The three of us who had pleaded condonation appealed, on grounds that our pleas had been unfairly treated by the court. The judges who sat on the appeal were acting Chief Justice Clement Phillips, and Aubrey Fraser and Telford Georges, who, at the time, were three of the most eminent jurists in the country.
The appeal lasted several weeks and they reserved judgement, which they delivered sometime in early 1972. They unanimously ruled in our favour, quashing the convictions and sentences. Now, I hasten to add that these judges did not agree with or condone our actions. To the contrary, they were heavily critical of the mutiny and the mutineers.
Fraser said, "It is perhaps the acme of irony that the two men who brazenly proclaimed themselves to be the leaders of a mutiny and whose plans and purposes were aimed at disruptive and dangerous courses should escape punishment for their actions...
"...(but) the hearing of the plea of condonation was not fair...the principles of natural justice were cast aside for no apparent reason...Where there is a substantial miscarriage of justice the Act demands that the conviction be quashed...the Constitution of this country recognises that men and institutions remain free only when freedom is founded upon respect for moral and spiritual values and for the rule of law...
"...As a judge of this court, I am duty bound to uphold the rule of law at all times....”
I quote extensively from Fraser's judgment—and he reflected the views of Phillips and Georges—to illustrate the mettle of the jurists of that era, most of whom could be adjudged legal luminaries. These men were fiercely independent, aloof of the political directorate.
In fact, I need add that in this case, the political directorate had opened the door for the mutineers to walk free because its agents had allowed the court martial to ride roughshod over procedures, to abandon the rule of law and principles of natural justice. So bent were they on retribution, they unwittingly allowed us to access the only escape hatch available.
I mentioned last week that when the state's appeal came before the Privy Council, the Law Lords dismissed it almost summarily. Celebrated English QC John Platts-Mills appeared on our behalf pro bono (with Frank Solomon, I believe). Before he could address the Council, they ruled against the state.
There was a sequel to this. Dr Eric Williams neither forgave nor forgot Justices Phillips, Fraser and Georges for what he probably saw as their role in freeing the mutineers. At the time of the appeal, Phillips, who was acting CJ (for Sir Arthur McShine), was seen as the person who would be elevated to the highest office to succeed McShine.

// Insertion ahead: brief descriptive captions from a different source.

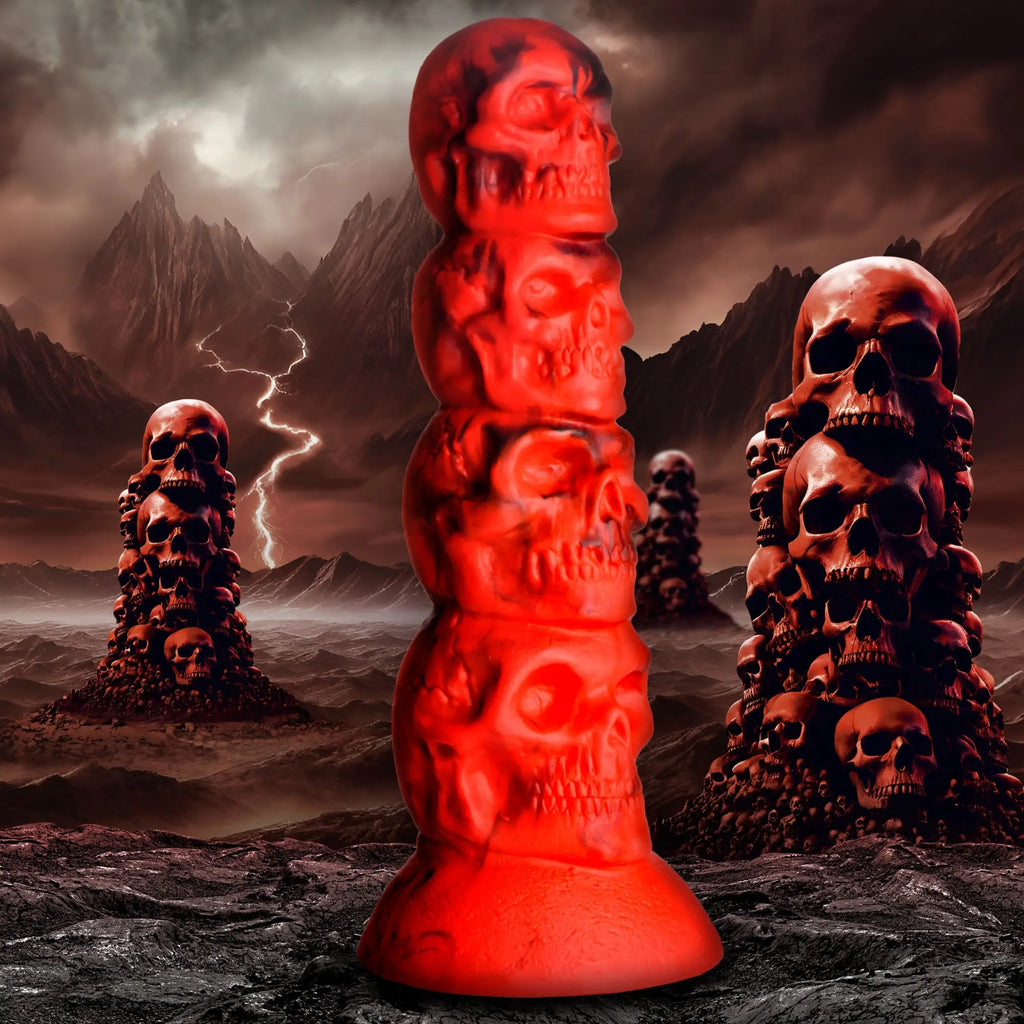 Creature Cocks Doom silicone dildo: a red, stackable skull-shaped design set against a dark, stormy mountain backdrop.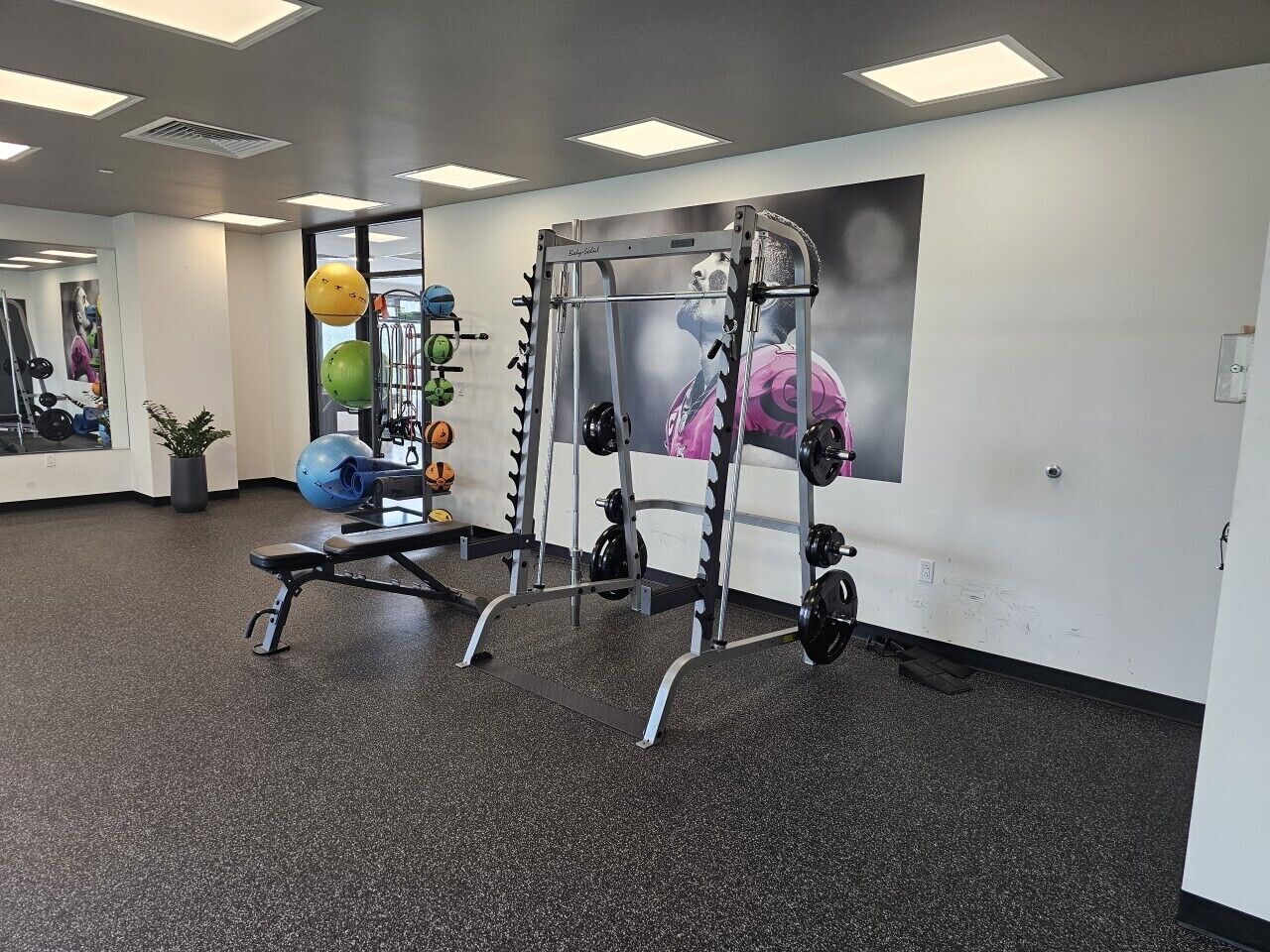 Een sportschool met trainingsapparatuur, een bank en een muur met een poster.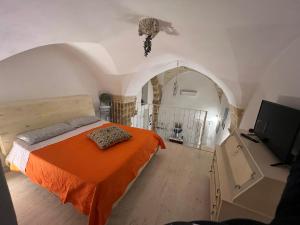 A bed or beds in a room at Handy Margherita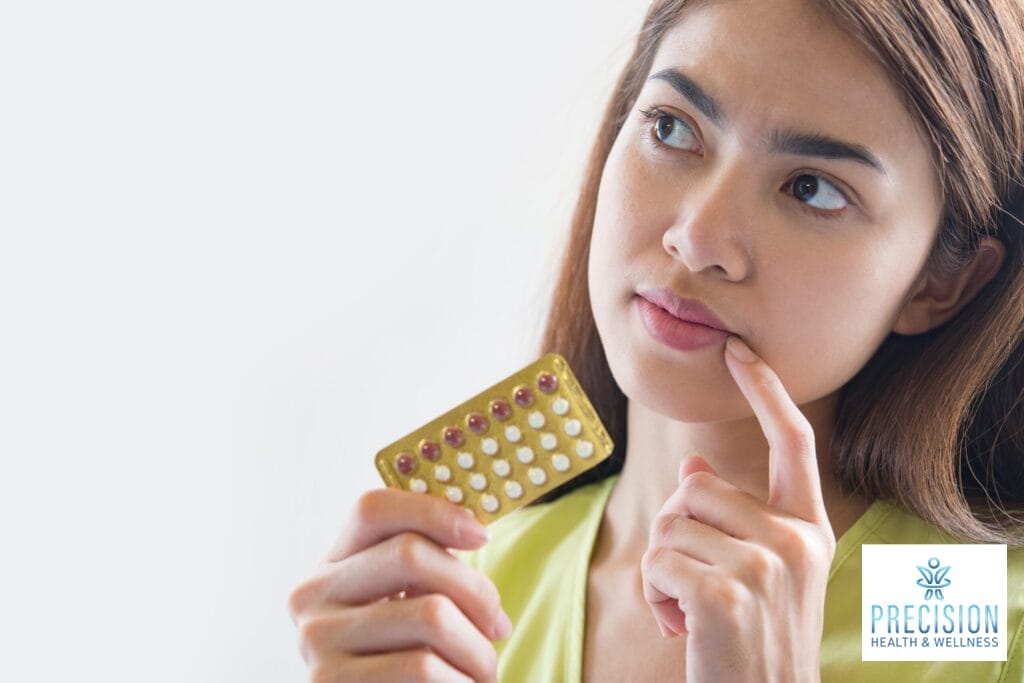 Thoughtful woman holding birth control pills, considering options for balancing hormones through optimization treatments.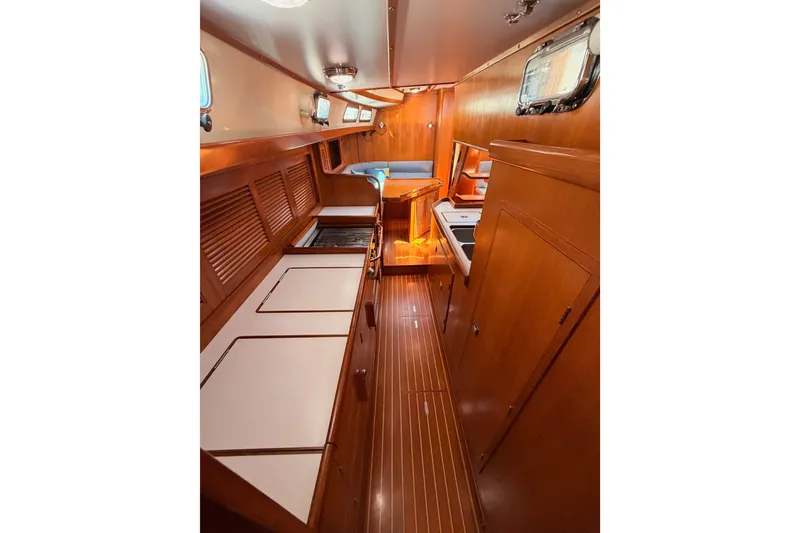 Slide: The Image of Interior of 2005 Tayana 48 yacht with wooden cabinetry and seating area. - 97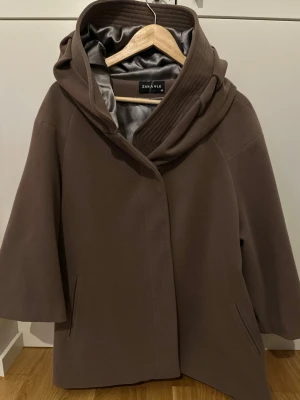Brun kappa med stor krage från Zanavle - Säljer en brun kappa från Zanavle i storlek 40. Den har en stor, snygg krage som kan stylas som huva och två fickor framtill. Insidan är fodrad med glansigt tyg i grått. Passformen är loose. Perfekt för dig som gillar stilrena och coola kappor.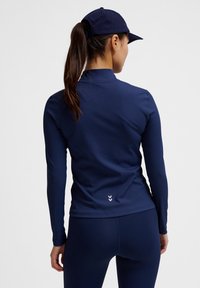 Marinblå långärmad idrottströja i elastiskt material, med hög krage och diskret logotypdetalj på baksidan nära fållen.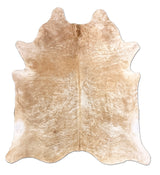 Beige cowhide rug on a white background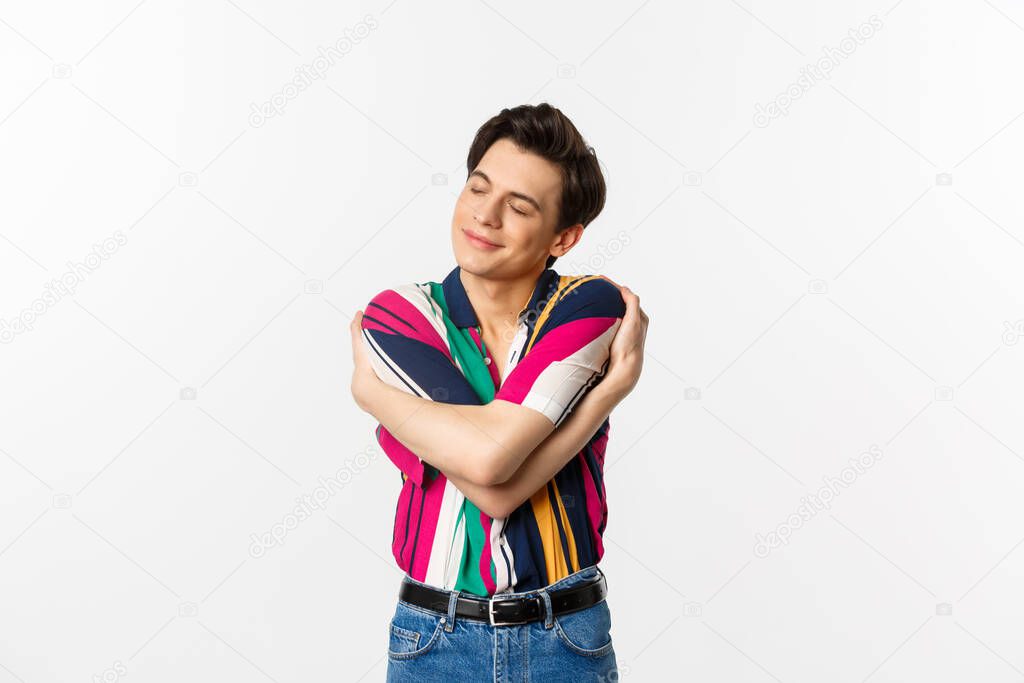 Happy young man hugging himself with eyes closed, smiling pleased, dreaming about something, standing over white background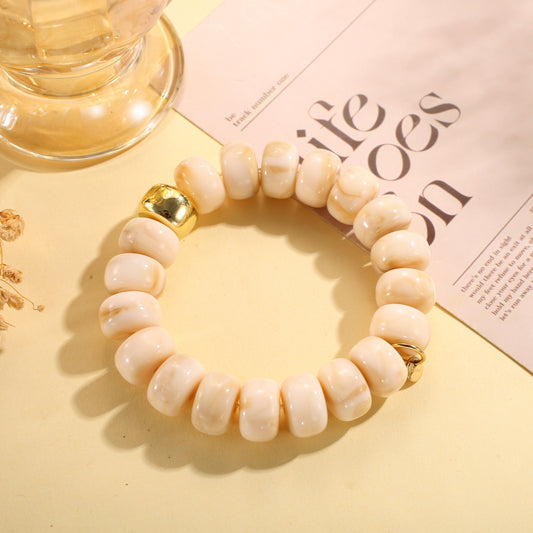 Bracelet élastique perles rondes en résine marbrée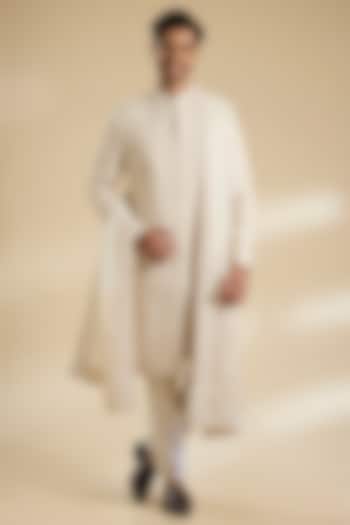 Ivory Raw Silk & Cotton Silk Sherwani Set by Sarab Khanijou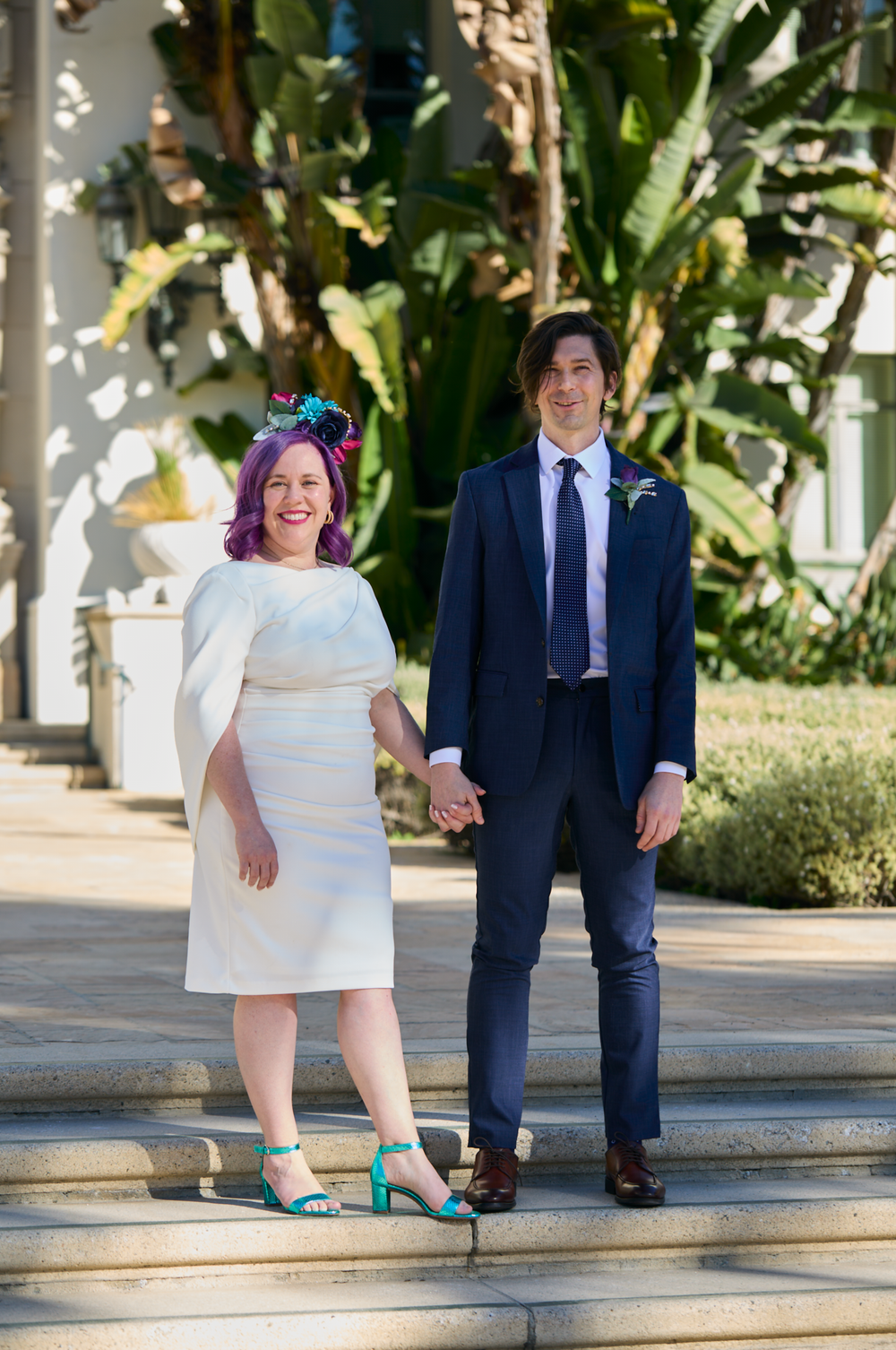 A bride with purple hair and teal heels holds hands with a groom in a navy suit on outdoor steps.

That would not happen. He was by-passed and the more pliant Isaac Hyatali was appointed CJ in 1972, mere months after the Appeal Court's ruling. Phillips, an outstanding scholar and jurist, would die a broken man. Fraser, too, would leave the Bench to head the Law School at Mona. In 1988, he died under mysterious circumstances in Jamaica. Three family members were charged with his murder, but they were eventually acquitted.
And Georges, a brilliant Dominican scholar who won an Island Scholarship at age 17, and who had served with distinction in several Commonwealth countries, was never confirmed in the Appeal Court here. He soon quit and went on to hold several prominent positions elsewhere in the Caribbean until his passing in Belize in 2005.
I think it would have been an injustice on my part to have excluded these three jurists from the 1970 equation, not because they were instrumental in setting my colleagues and me free. They represented the independence of the judiciary, something we tend to take for granted, and which we would miss if ever it is compromised by the stature and the integrity of those appointed to the Bench, or by fiat from an executive bent on interference.
I feel heartened when I see judges exercise their independence in issues that are critical to citizens not surrendering their fundamental rights and freedoms. Recently, one judge declared a piece of legislation passed in Parliament as contravening certain rights (that matter is still before the courts).
And with the so-called Bail Bill, while we all want to see criminals locked up and the keys thrown away, we need to be very careful we do not throw away our rights in the process.